Esta semana, a atriz Regina Duarte tomou posse como Secretária Nacional da Cultura. É a quarta titular a ocupar o posto desde o começo do governo Jair Bolsonaro. A Regina deu uma entrevista exclusiva ao repórter Ernesto Paglia e falou sobre os desafios à frente da pasta, as pressões que sofreu nos últimos dias e as polêmicas entre o governo e a classe artística.

Em mais de 50 anos de telas e palcos, poucos personagens ficaram de fora do repertório de Regina Duarte. Namoradinha do Brasil, mulher rebelde, matrona exuberante. Mas o papel de secretária especial da Cultura do Governo Federal é uma completa novidade. Nesta estreia incomum, a atriz recebeu a equipe do Fantástico em seu apartamento, em São Paulo.
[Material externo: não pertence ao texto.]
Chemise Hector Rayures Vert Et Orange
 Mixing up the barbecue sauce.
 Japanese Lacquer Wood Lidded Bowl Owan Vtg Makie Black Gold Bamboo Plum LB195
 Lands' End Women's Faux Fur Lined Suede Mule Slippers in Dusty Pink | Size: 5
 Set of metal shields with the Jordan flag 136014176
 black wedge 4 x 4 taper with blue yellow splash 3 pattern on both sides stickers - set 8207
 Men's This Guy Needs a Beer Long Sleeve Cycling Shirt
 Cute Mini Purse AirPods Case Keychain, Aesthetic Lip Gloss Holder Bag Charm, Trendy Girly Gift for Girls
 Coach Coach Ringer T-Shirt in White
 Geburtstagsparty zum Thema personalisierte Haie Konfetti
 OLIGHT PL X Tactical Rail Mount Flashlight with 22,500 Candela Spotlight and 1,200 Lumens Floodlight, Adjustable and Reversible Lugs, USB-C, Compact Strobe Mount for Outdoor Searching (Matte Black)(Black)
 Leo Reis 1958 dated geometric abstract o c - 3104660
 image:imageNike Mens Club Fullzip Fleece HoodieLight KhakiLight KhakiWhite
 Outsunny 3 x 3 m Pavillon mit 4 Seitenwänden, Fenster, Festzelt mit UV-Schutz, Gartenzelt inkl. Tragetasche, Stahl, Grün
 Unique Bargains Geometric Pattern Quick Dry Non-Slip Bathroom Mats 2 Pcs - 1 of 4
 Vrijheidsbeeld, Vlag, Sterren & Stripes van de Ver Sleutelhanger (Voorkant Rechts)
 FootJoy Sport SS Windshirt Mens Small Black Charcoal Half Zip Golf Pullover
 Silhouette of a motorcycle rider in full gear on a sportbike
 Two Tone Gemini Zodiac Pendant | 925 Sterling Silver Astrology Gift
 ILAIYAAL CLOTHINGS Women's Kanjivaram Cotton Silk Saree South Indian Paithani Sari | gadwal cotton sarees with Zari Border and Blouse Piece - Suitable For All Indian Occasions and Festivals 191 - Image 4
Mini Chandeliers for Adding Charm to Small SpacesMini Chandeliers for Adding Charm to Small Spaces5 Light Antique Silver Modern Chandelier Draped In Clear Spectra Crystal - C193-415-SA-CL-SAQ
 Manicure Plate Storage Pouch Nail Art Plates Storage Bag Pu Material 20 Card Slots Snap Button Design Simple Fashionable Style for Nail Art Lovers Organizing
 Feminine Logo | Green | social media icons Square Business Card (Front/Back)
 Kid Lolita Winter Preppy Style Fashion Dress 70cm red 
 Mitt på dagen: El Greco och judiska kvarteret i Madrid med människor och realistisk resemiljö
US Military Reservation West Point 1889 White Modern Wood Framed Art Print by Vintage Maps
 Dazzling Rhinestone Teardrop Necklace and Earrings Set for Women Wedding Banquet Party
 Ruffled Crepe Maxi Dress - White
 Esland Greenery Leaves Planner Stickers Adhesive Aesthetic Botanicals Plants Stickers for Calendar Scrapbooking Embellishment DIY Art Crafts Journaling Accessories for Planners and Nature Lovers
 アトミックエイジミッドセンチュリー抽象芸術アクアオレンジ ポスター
Ernesto Paglia: Secretária Regina Duarte. Já se acostumou com o título, com o cargo?
Regina Duarte: Sim.
Ernesto Paglia: Levou um tempo pra pensar nisso, né?
Regina Duarte: Levei um tempo, sim. Tive muitas dúvidas.
Ernesto Paglia: Quais?
Regina Duarte: É um aprendizado imenso para o qual eu não estava preparada. Isso me assustava muito. Mas eu comecei a perceber que isso também poderia dividir com uma equipe competente, experiente, apaixonada por cultura. E, que, na verdade, eu, por patriotismo, aceitei a missão.

A missão foi oferecida a ela em 17 de janeiro pelo presidente Jair Bolsonaro. O começo de um “noivado”, como os dois definiram. Pouco depois, Regina aceitou a proposta. Na quarta passada, a atriz tomou posse.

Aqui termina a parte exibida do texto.